Thunderbirds, the TV show, is a futuristic science-fiction series made with puppets that firstly aired during the 60s. Called supermarionation by its creators, the technique used by the show must have been quite charming for those who lived through that era, but the same can’t be said for younger kids back in the 90s – or for any average adult these days. As a video game adaptation, this particular Thunderbirds game is just as unapealling, although for different reasons. Graphics are fine for NES standards, and even though the music could be better it’s not really a disaster. The main problem is that there’s too much fan service and too little excitement in the gameplay, which then results in a drab, trivial, soulless shooter.

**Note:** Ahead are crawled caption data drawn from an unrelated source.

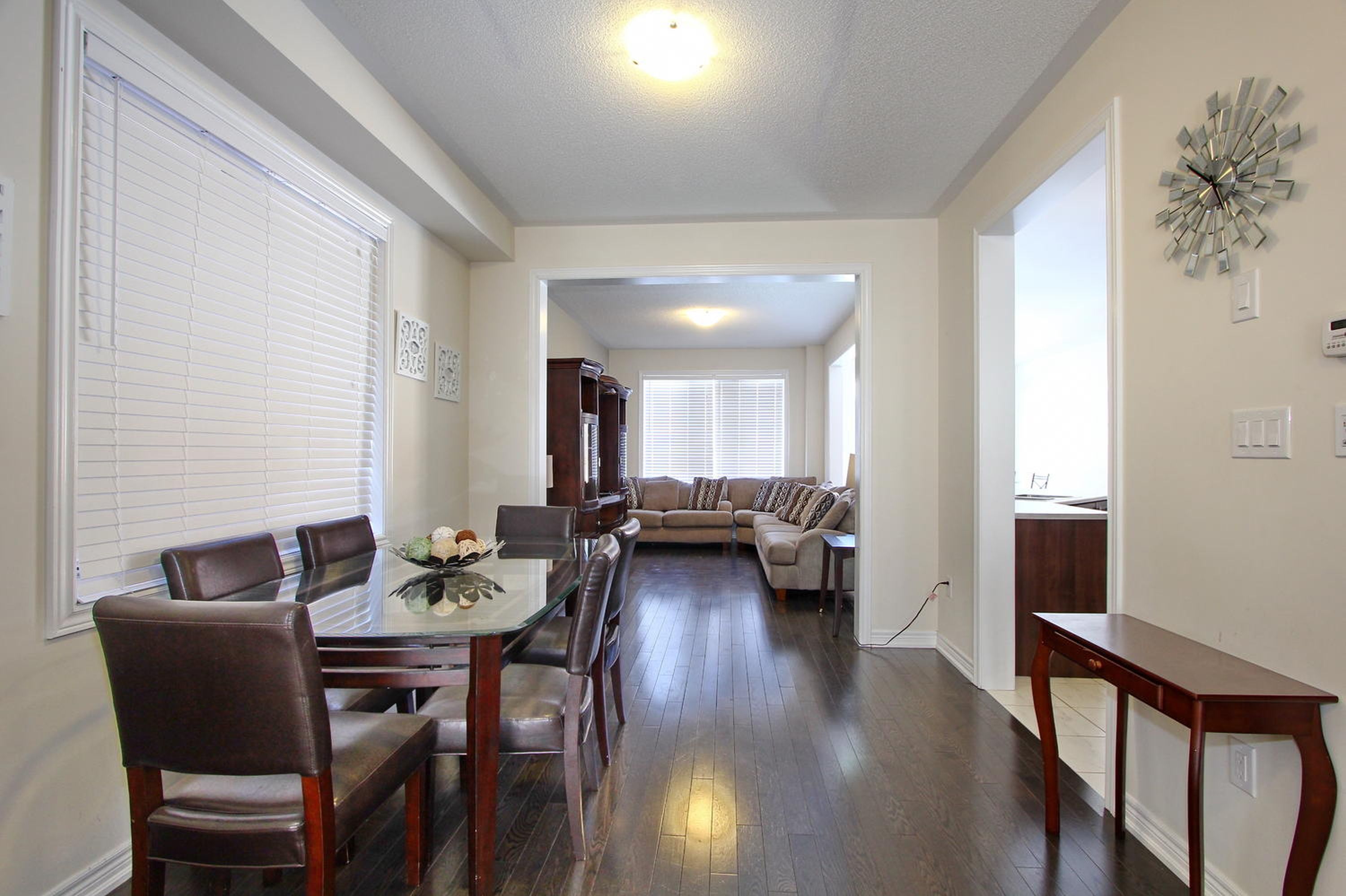 Family Apartment, 3 Bedrooms | In-room dining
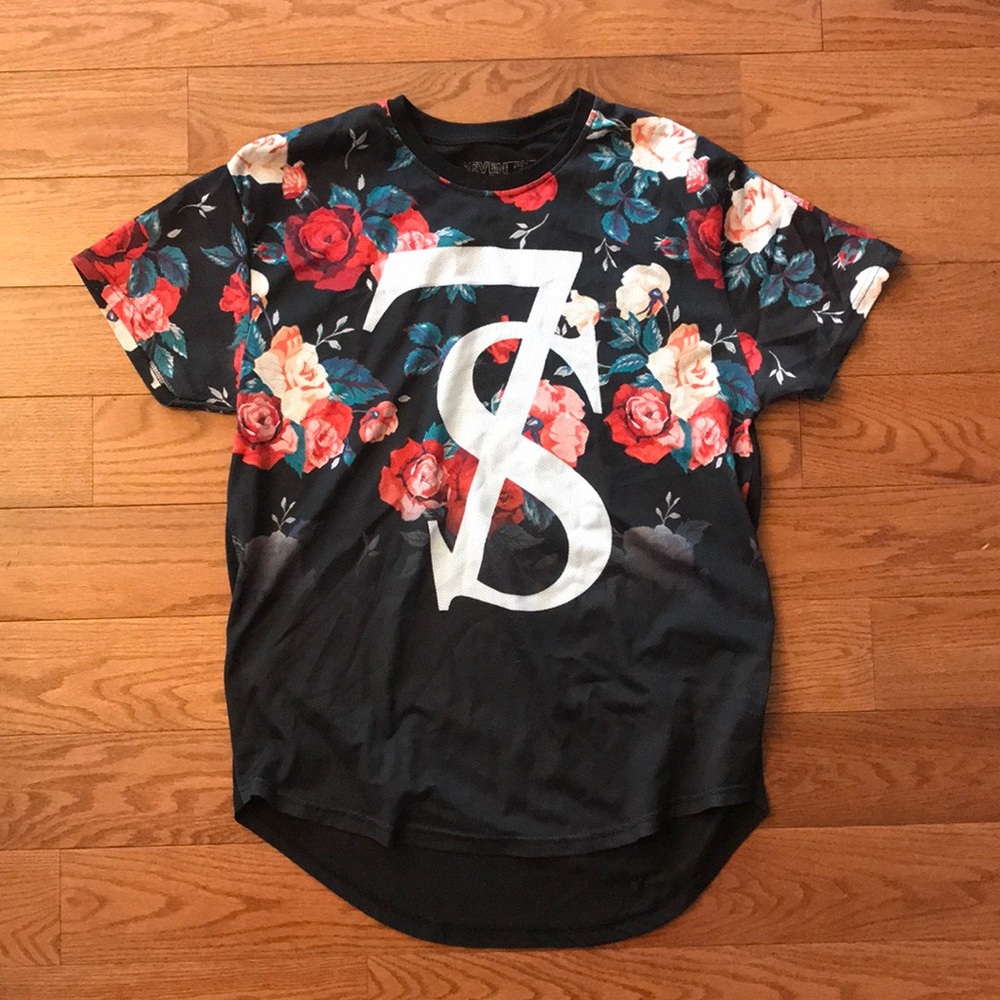 PacSun/SevenSouls Roses Tee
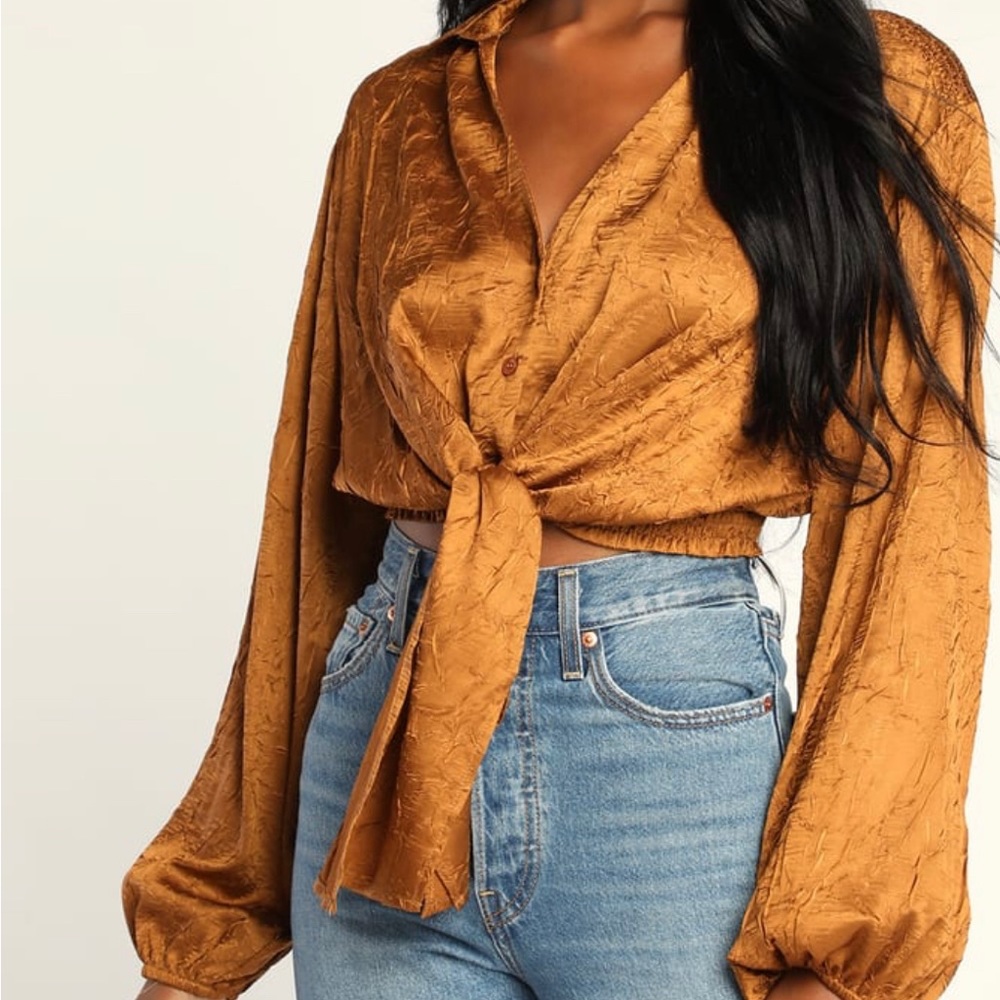 Lulus gold tie up shirt in medium NWT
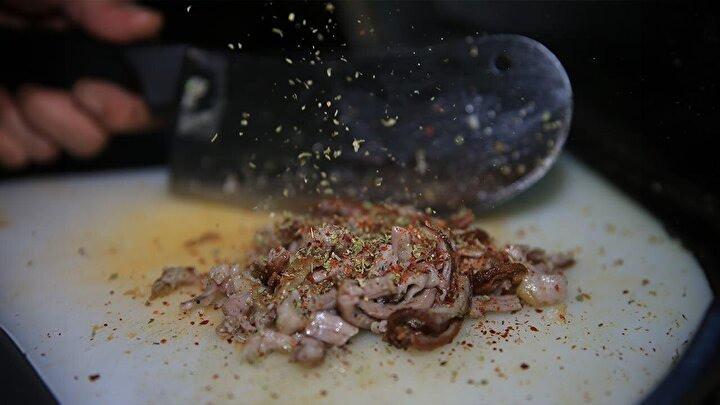 <p>ABD'deki Victoria Üniversitesi'nde görevli akademisyenler tarafından yapılan bir araştırmada, bir kişinin yeme-içme faaliyetinden kaynaklı yıllık mikroplastik tüketiminin yaşa ve cinsiyete bağlı olarak 39 bin ila 52 bin parçacık arasında olduğu saptandı.</p>
<p> </p>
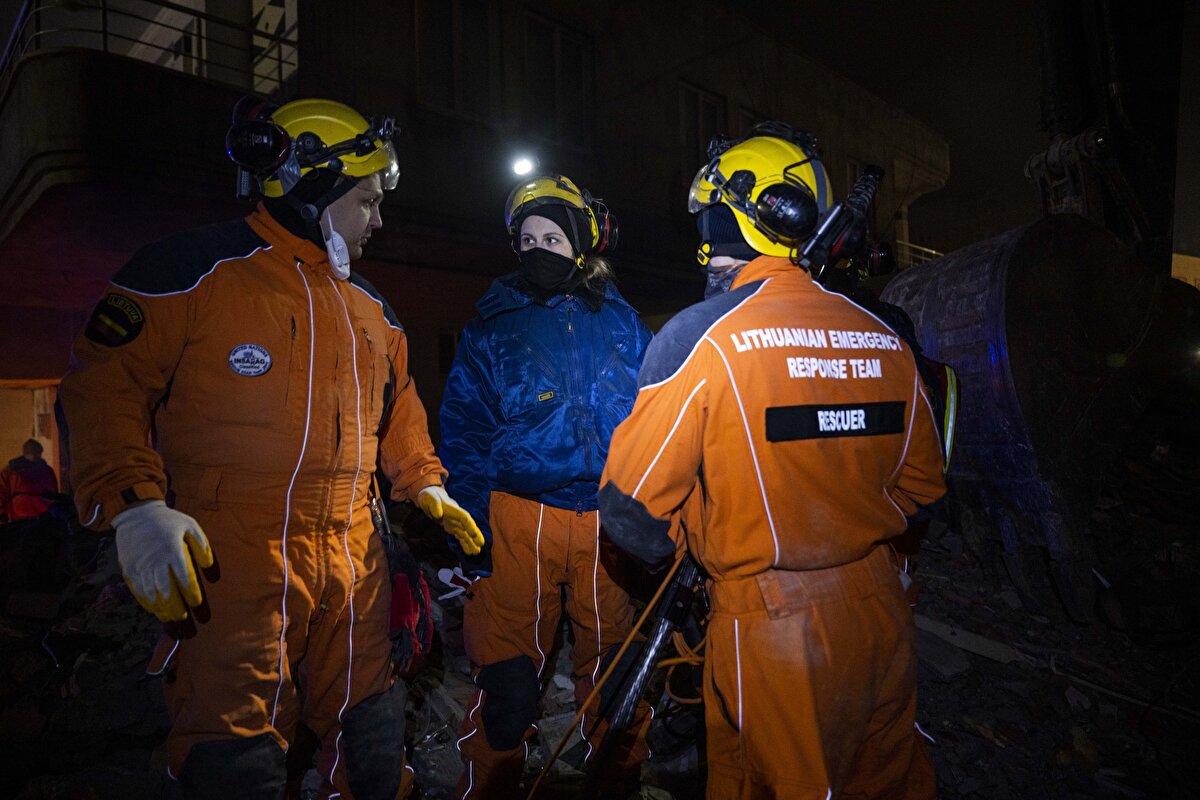 Kahramanmaraş merkezli depremler nedeniyle Adıyaman'da yıkılan binalarda başlatılan arama kurtarma çalışmaları devam ediyor.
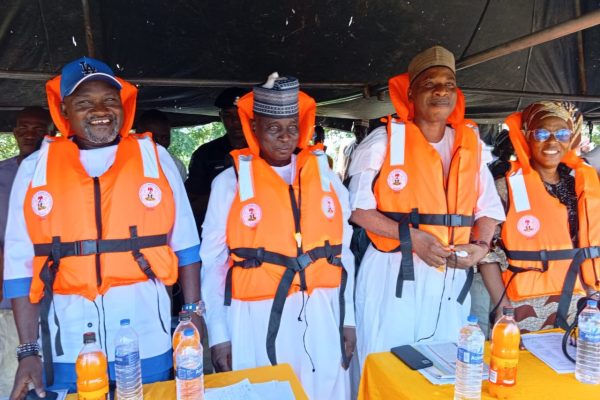 Kwara distributes 2,500 life jackets to riverine local governments
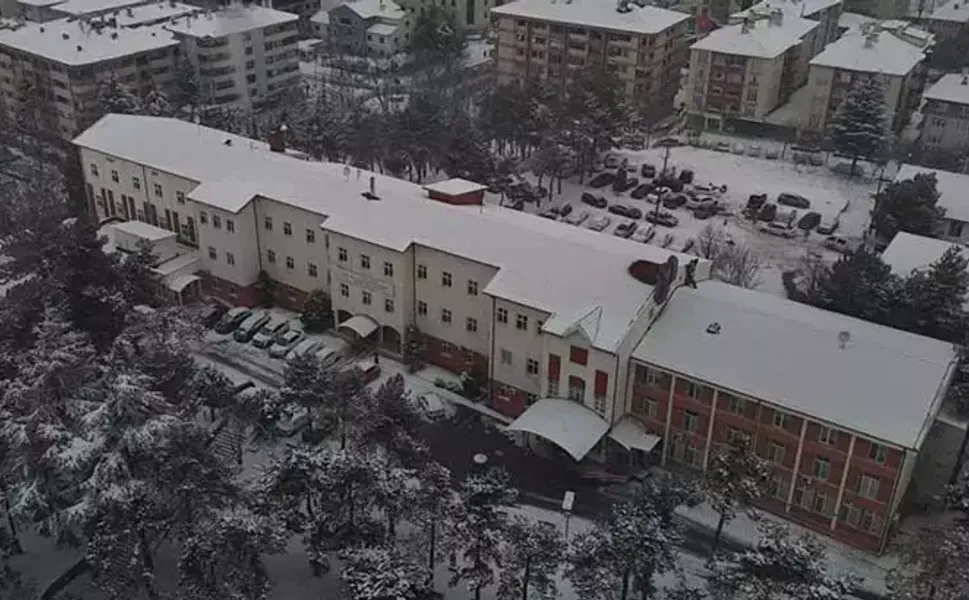 Depreme dayanıksız olduğu belirlenen 2 hastane için yıkım kararı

Deadly waters of the Indian Ocean
There’s a strong emphasis in story and characters in Thunderbirds. Jeff Tracy is the mentor of the team that protects the Earth, formed by his five sons Scott, Virgil, Alan, Gordon and John. Each one of them is assigned a particular vessel/ship with distinct powers. They’re aided by the scientific genius of dr. Brain, and together they fight against the villainous threats of a bald evildoer named Hood. Interactions between these characters are shown all the time as you transition from one stage to the next while an increasingly irritating song plays along (there came a point where I just didn’t want to read the dialogue anymore, so I pushed START to finish them faster). Plotwise the Thunderbirds have 60 days to foil Hood's plan to build a power source that's capable to wipe out the planet.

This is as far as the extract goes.